Some weakness of the AT process include limited finances and disagreements over what is best for the child. The district wants the best for their students but has to make do with what fulfills the students’ needs within a limited budget for the purpose of longevity and being able to meet multiple student’s needs. Connected to the limited finances, is that once an AT is in an IEP or 504, it must be provided at all times. If the AT breaks (through the students fault or not), it must be replaced by the school at the cost of the school, at the districts cost. Sometimes however, a person will disagree with the district’s decision on which AT is implemented, usually the parents. Some parents feel certain AT best meets their student’s needs. To ensure this is implemented they will seek additional outside evaluations of the student and present these evaluations to the school with the expectation of implementation of the recommendations. When parents have outside evaluations done separate from the school district, the school is generally obliged to heed the evaluator’s recommendations. Parents in the know will fight for AT listed on outside evaluations to be paid for by the district.

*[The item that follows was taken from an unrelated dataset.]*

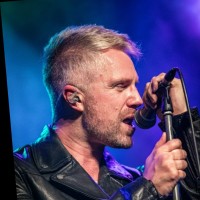 Chris Leech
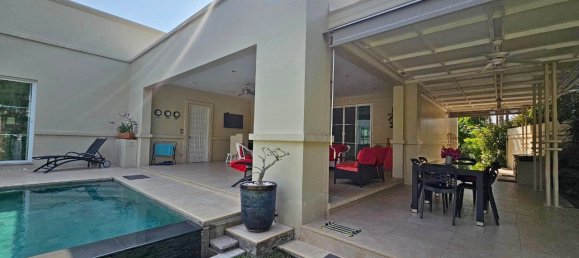 3 bedrooms House in Pattaya, Thailand No. 26782 5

Additionally some parents are more involved in their students’ academic careers than others. When they work at the school itself or keep in frequent contact with staff, these parents are more likely to have more detailed and extensive AT implemented due the fact that the parent’s involvement. For example, a teacher who is a parent of a child in the school can ensure more readily than a parent not in the school system that the IEP is being met and has more clout when providing suggestions for AT use. This might include allowing a student with handwriting problems to use a laptop for note-taking and requiring math teachers to provide typed notes for the student. Additionally, on tests, when the student answers a question wrong, the teacher is required to have the student read their answer to the teacher to ensure it is not just the teacher misreading the students answer due to their hand-writing issue. Teachers feel more pressure to follow the AT because they know the parent will be closely monitoring its implementation.
The main role of teachers in the AT process is to implement the AT in the classroom as it is supposed 8877to be implemented. If the AT is not working with that student or not working with that class, the teacher is responsible for talking to the case manager. Teachers also provide feedback at PPTs and provide recommendations on the IEP form.
The district AT processes strengths outweigh the weaknesses, as parents in disagreement are usually an outlier to the process and not have the finances to purchase what is desired is inevitable in any district. The districts fidelity to its process and its straightforward, collaborative nature make recommendations, evaluations and implementation of AT a fair and effective process. Overall, despite not having an AT team, the district is successful in meeting and fulfilling its students AT needs.
Interviews. October 2013. Classroom teacher, school psychologist, speech language pathologist.
Lenker, J., Shoemaker, L., Fuhrer, M., Jutai, J., Demers, L., Tan, C.H , & DeRuyter, F. (2012). Classification of assistive technology services: implications for outcomes research. Technology and disabilities. (24), 59 – 70.